= Harold S. Stone =

American computer scientist

Harold Stuart Stone (born August 10, 1938 in St. Louis, Missouri) is an American computer scientist specializing in parallel computer architecture. He is an IEEE Fellow, and a Fellow of the Association for Computing Machinery (1994).

==Education and career==
Stone obtained a bachelor in Electrical Engineering at Princeton University in 1960, and his masters and PhD in 1961 and 1963 at the University of California, Berkeley. His PhD advisors were Robert B. Ash and Eugene Wong. He was a faculty member at Stanford University from 1968 until 1974, when he moved to the University of Massachusetts Amherst.
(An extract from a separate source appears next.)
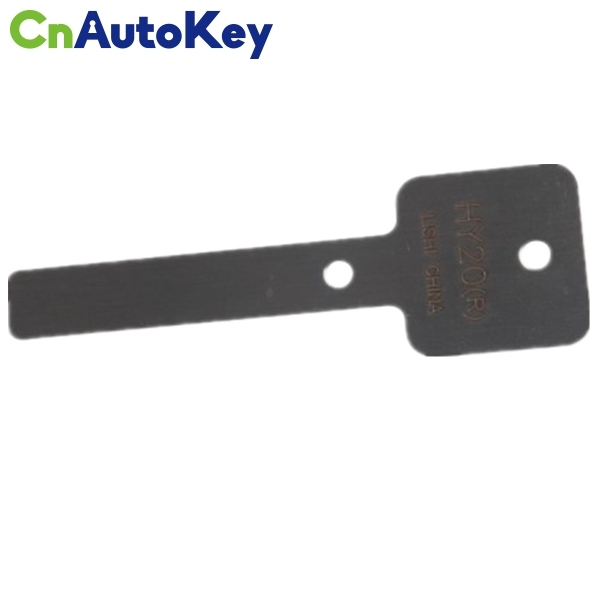 CLS01054 HY20R 2-in-1 Auto Pick and Decoder For Hyundai and Kia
From 1984 onwards was he a researcher at IBM's Thomas J. Watson Research Center and later as a NEC Fellow at the NEC Research Institute in Princeton, New Jersey.

== Books ==
Stone's books include:
- High Performance Computer Architecture, Addison-Wesley 1987, 2. Edition 1993
- Introduction to Computer Architecture, 1975, 2. Edition, Chicago: Science Research Associates 1980
- Introduction to Computer Organization and Data Structures, McGraw Hill 1971
- Discrete mathematical structures and their applications, Chicago: Science Research Associates 1973
- Microcomputer Interfacing, Addison-Wesley 1982
- with Daniel Siewiorek Introduction to computer organization and data structures, PDP-11 edition, McGraw Hill 1975

==Recognition==
Stone received the IEEE Emanuel R. Piore Award in 1992, the Taylor L. Booth Award in 1999, and the Charles Babbage Award in 1991. He is IEEE Fellow and Fellow of the Association for Computing Machinery (1993).